Print the data below exactly, but only the lines from the one containing "Carwornic Men's Long" down to the one containing "EZwhelp EZclassic Medium", inclusive.

┌──

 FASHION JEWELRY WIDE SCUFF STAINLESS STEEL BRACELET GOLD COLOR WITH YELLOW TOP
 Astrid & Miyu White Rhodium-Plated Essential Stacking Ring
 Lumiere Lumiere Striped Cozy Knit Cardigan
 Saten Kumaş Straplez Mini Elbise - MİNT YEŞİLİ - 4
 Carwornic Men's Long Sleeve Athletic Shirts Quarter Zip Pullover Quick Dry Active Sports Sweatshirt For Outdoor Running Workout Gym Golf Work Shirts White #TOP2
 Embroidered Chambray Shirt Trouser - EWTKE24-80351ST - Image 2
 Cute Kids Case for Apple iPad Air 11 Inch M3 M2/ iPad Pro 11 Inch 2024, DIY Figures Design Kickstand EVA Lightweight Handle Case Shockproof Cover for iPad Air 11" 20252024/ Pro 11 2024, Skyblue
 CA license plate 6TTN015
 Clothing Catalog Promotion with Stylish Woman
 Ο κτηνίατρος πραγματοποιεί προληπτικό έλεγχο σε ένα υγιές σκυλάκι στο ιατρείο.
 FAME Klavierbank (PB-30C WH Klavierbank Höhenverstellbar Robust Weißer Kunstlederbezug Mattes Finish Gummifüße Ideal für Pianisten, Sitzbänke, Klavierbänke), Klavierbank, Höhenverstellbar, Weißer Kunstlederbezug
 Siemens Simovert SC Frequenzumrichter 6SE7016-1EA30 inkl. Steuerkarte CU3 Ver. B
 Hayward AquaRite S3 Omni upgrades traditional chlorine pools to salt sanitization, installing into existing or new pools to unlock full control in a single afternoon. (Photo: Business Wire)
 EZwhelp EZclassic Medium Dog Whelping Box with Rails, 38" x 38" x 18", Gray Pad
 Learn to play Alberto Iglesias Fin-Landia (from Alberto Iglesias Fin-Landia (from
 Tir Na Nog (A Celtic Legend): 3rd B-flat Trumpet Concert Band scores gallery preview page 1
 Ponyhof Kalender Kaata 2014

└──

Answer:
 Carwornic Men's Long Sleeve Athletic Shirts Quarter Zip Pullover Quick Dry Active Sports Sweatshirt For Outdoor Running Workout Gym Golf Work Shirts White #TOP2
 Embroidered Chambray Shirt Trouser - EWTKE24-80351ST - Image 2
 Cute Kids Case for Apple iPad Air 11 Inch M3 M2/ iPad Pro 11 Inch 2024, DIY Figures Design Kickstand EVA Lightweight Handle Case Shockproof Cover for iPad Air 11" 20252024/ Pro 11 2024, Skyblue
 CA license plate 6TTN015
 Clothing Catalog Promotion with Stylish Woman
 Ο κτηνίατρος πραγματοποιεί προληπτικό έλεγχο σε ένα υγιές σκυλάκι στο ιατρείο.
 FAME Klavierbank (PB-30C WH Klavierbank Höhenverstellbar Robust Weißer Kunstlederbezug Mattes Finish Gummifüße Ideal für Pianisten, Sitzbänke, Klavierbänke), Klavierbank, Höhenverstellbar, Weißer Kunstlederbezug
 Siemens Simovert SC Frequenzumrichter 6SE7016-1EA30 inkl. Steuerkarte CU3 Ver. B
 Hayward AquaRite S3 Omni upgrades traditional chlorine pools to salt sanitization, installing into existing or new pools to unlock full control in a single afternoon. (Photo: Business Wire)
 EZwhelp EZclassic Medium Dog Whelping Box with Rails, 38" x 38" x 18", Gray Pad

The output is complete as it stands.